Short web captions
§

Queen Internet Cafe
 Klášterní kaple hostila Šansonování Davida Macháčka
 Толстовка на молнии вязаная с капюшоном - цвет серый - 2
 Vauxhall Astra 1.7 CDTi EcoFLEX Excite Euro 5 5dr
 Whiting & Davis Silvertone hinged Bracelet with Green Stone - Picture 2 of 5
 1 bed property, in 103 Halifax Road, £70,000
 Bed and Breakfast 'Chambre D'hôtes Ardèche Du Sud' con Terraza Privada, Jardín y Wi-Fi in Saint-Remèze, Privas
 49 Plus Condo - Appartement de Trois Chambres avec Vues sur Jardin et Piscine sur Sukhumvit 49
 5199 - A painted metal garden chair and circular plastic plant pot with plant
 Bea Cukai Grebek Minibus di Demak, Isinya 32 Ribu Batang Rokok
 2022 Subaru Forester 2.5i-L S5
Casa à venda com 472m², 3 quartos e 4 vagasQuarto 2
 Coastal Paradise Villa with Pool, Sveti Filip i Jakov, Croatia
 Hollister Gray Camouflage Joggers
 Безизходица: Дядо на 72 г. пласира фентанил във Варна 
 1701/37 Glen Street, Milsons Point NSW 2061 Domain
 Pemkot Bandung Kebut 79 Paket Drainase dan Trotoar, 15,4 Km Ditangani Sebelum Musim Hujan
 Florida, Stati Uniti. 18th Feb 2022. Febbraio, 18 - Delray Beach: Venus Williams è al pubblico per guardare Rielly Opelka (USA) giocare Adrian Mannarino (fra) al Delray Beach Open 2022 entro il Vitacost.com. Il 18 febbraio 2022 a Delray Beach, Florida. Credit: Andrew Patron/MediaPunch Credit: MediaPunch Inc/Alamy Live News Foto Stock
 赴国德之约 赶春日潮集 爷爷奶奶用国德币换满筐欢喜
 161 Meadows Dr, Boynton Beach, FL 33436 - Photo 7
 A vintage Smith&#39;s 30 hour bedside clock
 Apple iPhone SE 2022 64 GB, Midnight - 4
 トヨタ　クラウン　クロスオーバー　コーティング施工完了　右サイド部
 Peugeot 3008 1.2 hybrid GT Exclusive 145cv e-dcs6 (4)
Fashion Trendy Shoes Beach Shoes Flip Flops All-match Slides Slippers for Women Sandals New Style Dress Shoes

§

--- ASSIGNMENT ---
The answer is the line containing "Bea Cukai Grebek" together with every line after it in the records, repeated exactly and with nothing else.

--- EXPECTED ANSWER ---
 Bea Cukai Grebek Minibus di Demak, Isinya 32 Ribu Batang Rokok
 2022 Subaru Forester 2.5i-L S5
Casa à venda com 472m², 3 quartos e 4 vagasQuarto 2
 Coastal Paradise Villa with Pool, Sveti Filip i Jakov, Croatia
 Hollister Gray Camouflage Joggers
 Безизходица: Дядо на 72 г. пласира фентанил във Варна 
 1701/37 Glen Street, Milsons Point NSW 2061 Domain
 Pemkot Bandung Kebut 79 Paket Drainase dan Trotoar, 15,4 Km Ditangani Sebelum Musim Hujan
 Florida, Stati Uniti. 18th Feb 2022. Febbraio, 18 - Delray Beach: Venus Williams è al pubblico per guardare Rielly Opelka (USA) giocare Adrian Mannarino (fra) al Delray Beach Open 2022 entro il Vitacost.com. Il 18 febbraio 2022 a Delray Beach, Florida. Credit: Andrew Patron/MediaPunch Credit: MediaPunch Inc/Alamy Live News Foto Stock
 赴国德之约 赶春日潮集 爷爷奶奶用国德币换满筐欢喜
 161 Meadows Dr, Boynton Beach, FL 33436 - Photo 7
 A vintage Smith&#39;s 30 hour bedside clock
 Apple iPhone SE 2022 64 GB, Midnight - 4
 トヨタ　クラウン　クロスオーバー　コーティング施工完了　右サイド部
 Peugeot 3008 1.2 hybrid GT Exclusive 145cv e-dcs6 (4)
Fashion Trendy Shoes Beach Shoes Flip Flops All-match Slides Slippers for Women Sandals New Style Dress Shoes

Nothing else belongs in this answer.